December 5, 2017 Published by

We all want to see our children’s face’s light up on Christmas morning when they see the gifts under the tree. So much so that many desperate parents will stop at nothing to get this Christmas’s ‘must have’ gift – including paying four times the original price to snap up sold-out toys.

We’ve touched on dealing with disappointment at Christmas previously, in an article to help parents manage common Christmas behaviour and Dr Amanda Gummer recently featured on BBC Radio Tees to discuss this topic (listen below).

But it’s such a big pressure point for parents that we’re back with three steps to combat disappointment at Christmas; specifically, what to do if you can’t give your child the ‘big Santa present’.

 

 

Step 1: Manage your own expectations

 

It’s so easy to get caught up in the hype of Christmas shopping.
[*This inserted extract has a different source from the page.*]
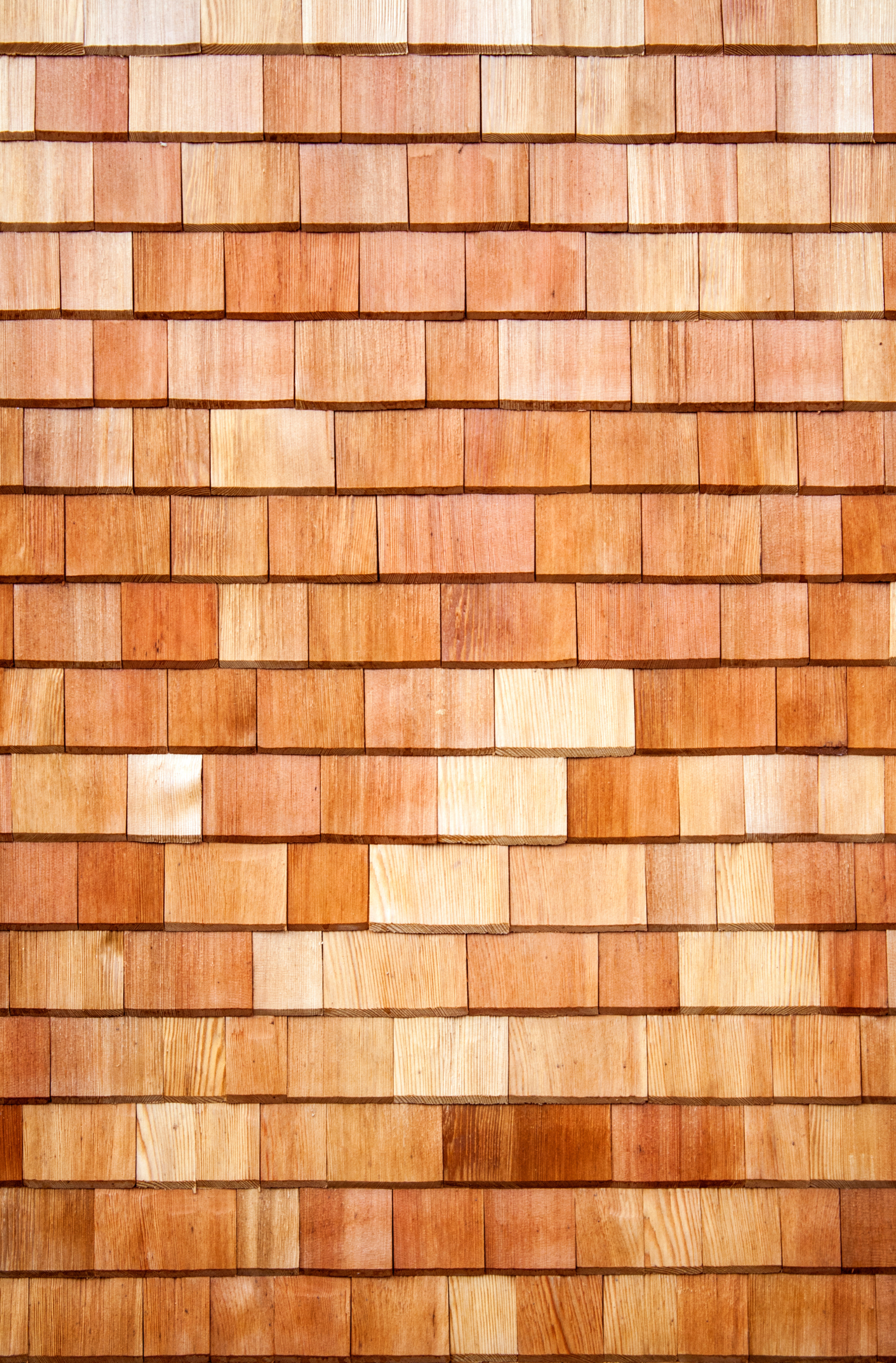 A close up of a shake roof of wooden tiles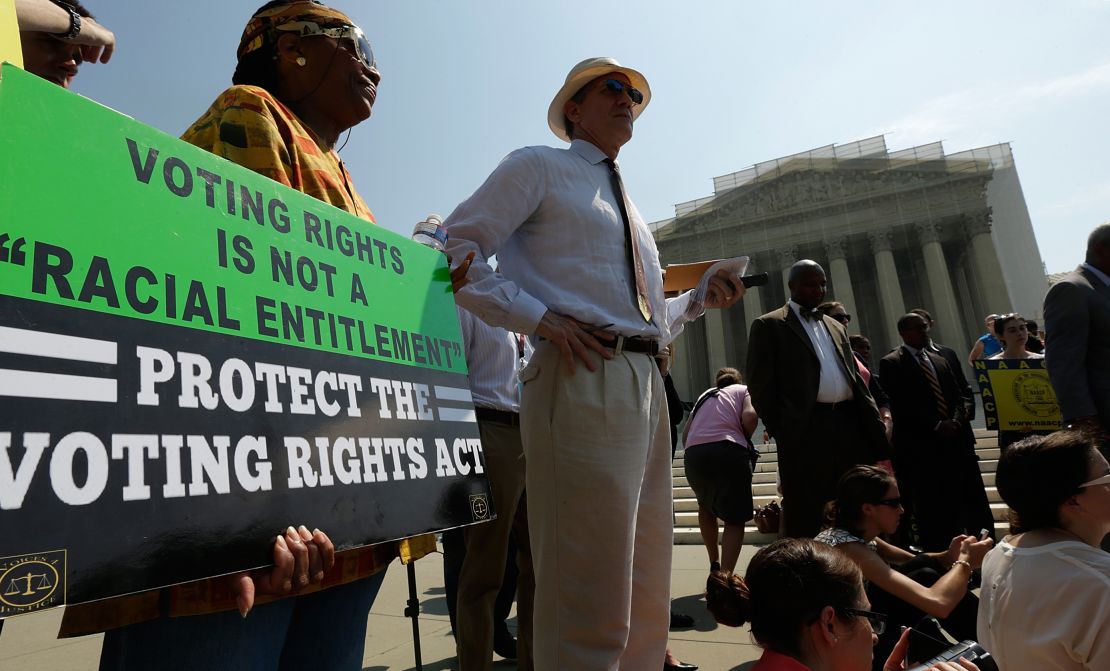Supporters of the Voting Rights Act listen to speakers discussing rulings outside the US Supreme Court building on June 25, 2013 in Washington.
But with one in three of us relying on credit cards to cover the cost of Christmas, like the ghost of Christmas past, it will come back to haunt us come the New Year.

But if pricey toys, clothes or gadgets are simply not in your budget, be honest with yourself. Before you can manage your child’s expectations, you need be able to manage your own. A handy little tip for doing this is the ‘four gift rule’, which makes it easier to limit your spending, and also means your child doesn’t miss out. Within this is ‘something they want’, which is likely to be the ‘big Santa present’ – but you can still restrict the cost of this with Step 2.

 

Step 2: Manage your child’s expectations

 

If your child is asking for the latest tablet, and it’s simply not in your budget, they need to know this from the start. With older children, you can sit down and discuss the expense, what you can afford, etc. and offer alternatives that are within reason for your family.

For younger children, who won’t necessarily understand the price of things, or indeed the value of money, there still needs to be a conversation about their wishes and desires. A good time to do this is when writing letters to Father Christmas. If there are too many gifts on the list, or some aren’t within reach, you can explain that they may not get everything they want, but they are very lucky to get any presents at Christmas.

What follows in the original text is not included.